A lot has changed over the last year, but one thing that’s stayed the same is a disparity between the Natural Gas Act (NGA) and the Federal Power Act (FPA) that prevents gas end-users from recouping transmission overcharges the way their counterparts do on the power side, according to Dave Ciarlone, manager of global energy services for aluminum producer Alcoa Inc.

Under the FPA, the Federal Energy Regulatory Commission (FERC) has authority to order reimbursement of overcharges back to the date the overcharges began. FERC can only order reimbursement for overcharges from the date of its order finding the overcharges took place.

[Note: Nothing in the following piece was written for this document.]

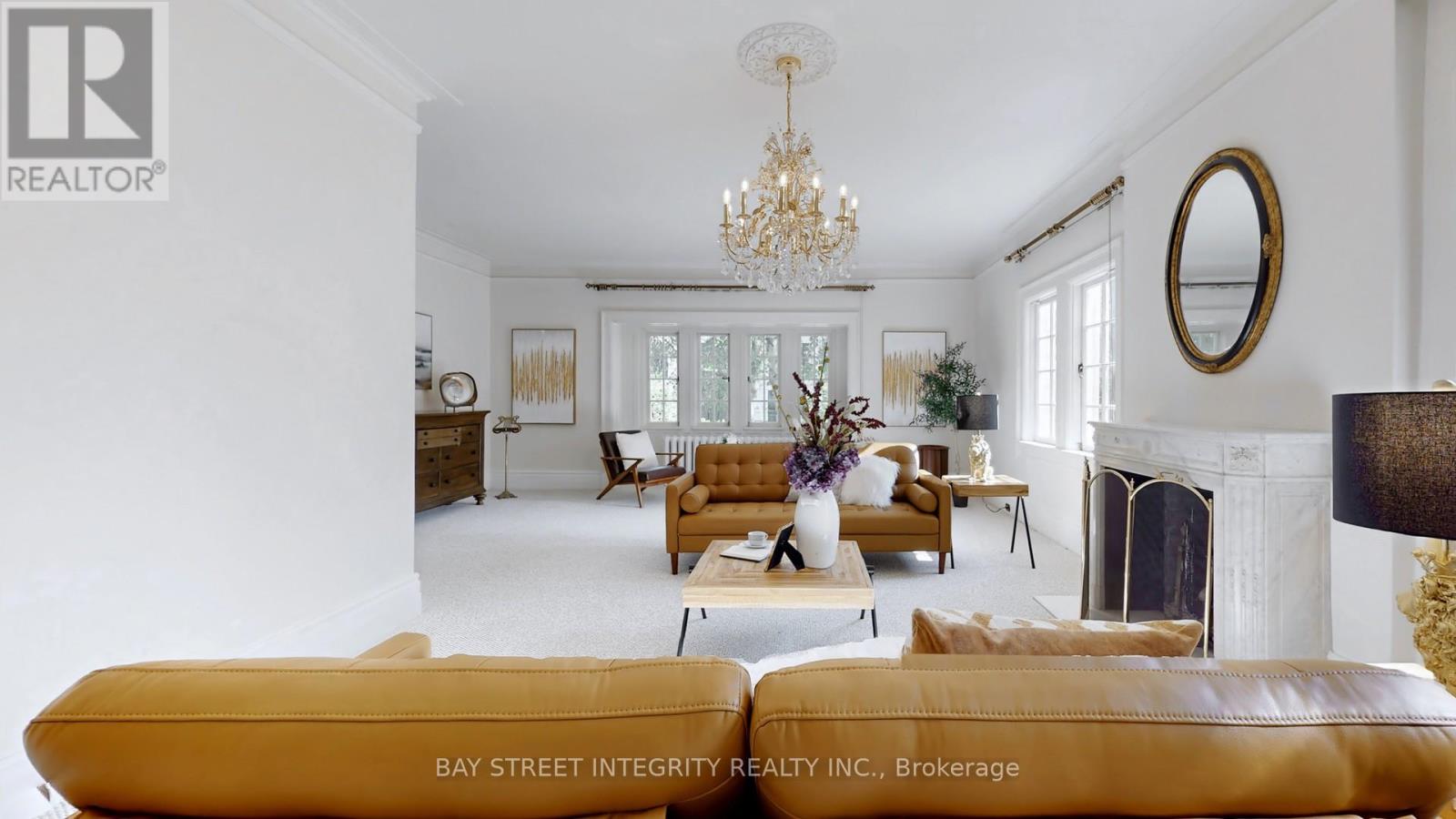 184 Heath Street W, Toronto, Ontario  M4V 1V2 - Photo 4 - C12724126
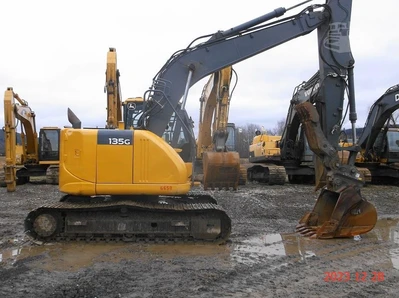 Used 2012 DEERE 135G Excavators New York US | Beck Equipment #1509278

“If you’re an end-user you’re probably being overcharged,” Ciarlone told attendees at GasMart 2010 in Chicago last week. What’s needed is modification of Section 5 of the NGA, something for which Ciarlone has been banging the drum since at least the previous GasMart in 2009 (see NGI, May 25, 2009).

Ciarlone rejects the suggestion that what he is seeking is retroactive ratemaking. “That’s a term that I reject on its face. It’s designed to start with a Congress-person who’s already predisposed to regulation and make it sound like somebody’s trying to change the rules after the game has started,” he said. “No one is talking about going back and redoing the rules of what fuel costs are. We’re just talking about going back and making sure the revenues collected produce the rate of return allowed.”

He said he understands the pipelines’ position and their responsibility to generate the best returns possible for shareholders. In cases in which excess revenues are alleged, it makes sense for a pipeline to delay the case as long as possible to continue collecting as much money as possible, he said. This happened recently at FERC when a case was delayed on procedural issues raised by pipelines, he said.

“The end-users run out of the wherewithal to sustain the complaint. There are a lot of complaints that I know about that aren’t even brought” for this reason, he said. “The gap in the rules can influence behaviors along the entire value chain.”

A major Section 5 case is currently under way at FERC (see NGI, May 10). A group of Northern Natural Gas shippers has called on FERC to terminate later this month a Section 5 complaint proceeding against the pipeline for overrecovery of its cost of service if the pipeline agrees not to seek a rate increase prior to or on May 1, 2011 or put higher rates into effect prior to Nov. 1, 2011 (see related story).

Sen. Maria Cantwell (D-WA) last year sought to include in the broad energy bill a proposal to make gas pipeline customers eligible for retroactive refunds, but it was defeated in committee. She indicated that she plans to offer the amendment again (see NGI, June 22, 2009).

Ciarlone said Cantwell’s amendment simply would let the NGA catch up to where the FPA has been for 20 years. He said the amendment is now looking for a home attached to an energy bill or similar piece of legislation and called on his fellow end-users to support it.

“Get involved in this,” he said. “Your senators are very eager to keep manufacturing jobs in their states. I know if you identified yourselves as impacted constituents there would be ears to hear your complaint.”